Funeral held for 5 killed in Idaho plane crash

SAN JOSE, Calif. (AP) - The five victims of a small plane crash in Idaho were remembered Saturday for their Mormon faith and dedication at a funeral service in California.

The family members were flying from Oregon, where they had been spending the Thanksgiving holiday, to Montana when the Beechcraft Bonanza vanished Dec. 1 in the mountains of 150 miles northeast of Boise.

Bad weather hindered the search for the wreckage for six weeks, but an intensive hunt by family, friends and a large online community scouring satellite and other photos helped locate the badly damaged aircraft.

The brother of pilot - Silicon Valley executive Dale Smith - was one of the private searchers who found the snow-covered plane.

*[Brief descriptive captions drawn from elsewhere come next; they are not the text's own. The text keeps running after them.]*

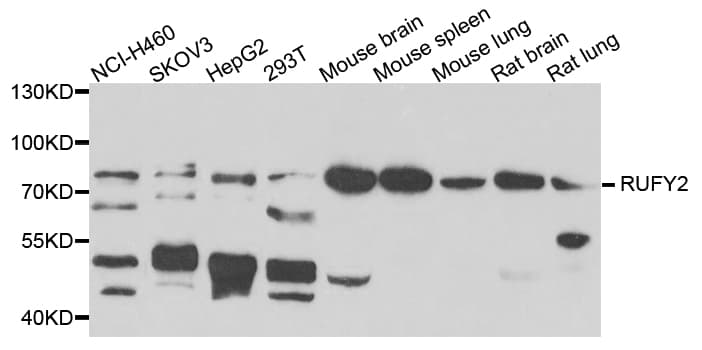 RUFY2 Antibody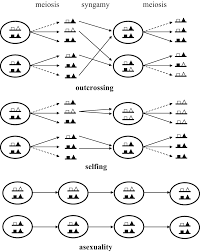 In many other organisms, two parents are. Genome Evolution In Outcrossing Vs Selfing Vs Asexual Species Springerlink
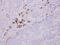 Immunoglobulin Lambda Like Polypeptide 1 antibody, PA5-29712, Invitrogen Antibodies, Immunohistochemistry frozen image 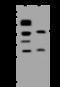 Adhesion Regulating Molecule 1 antibody, 200471-T42, Sino Biological, Western Blot image 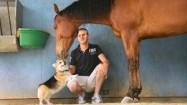 Equine virus outbreak spooks horse owners across Western U.S.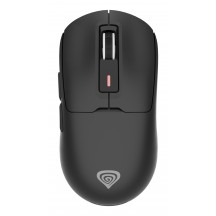 Mouse Genesis Zircon 660 NMG-2191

The San Jose Mercury News reports (http://bit.ly/1j0txFb ) Smith's widow, Janis, told mourners the efforts to help find her family brought her "an overwhelming feeling of peace. ... This experience has brought out the best in all of us."

Others killed in the crash were Smith's son, Daniel Smith and his wife, Sheree Smith; and daughter Amber Smith with her fiance, Jonathan Norton.

Daniel Smith spent two years in South Africa as part of his Mormon mission, according to his uncle Bryan Moore.

Norton was remembered by his mother, Lynette Norton, as a young man who slept with scriptures and would often ask that his mother pray for him. She said the prayers she made after the plane went down made her feel even more connected "to the love and humanity" that surrounded the search and outpouring of grief.

"It is the gift I will always treasure," she said.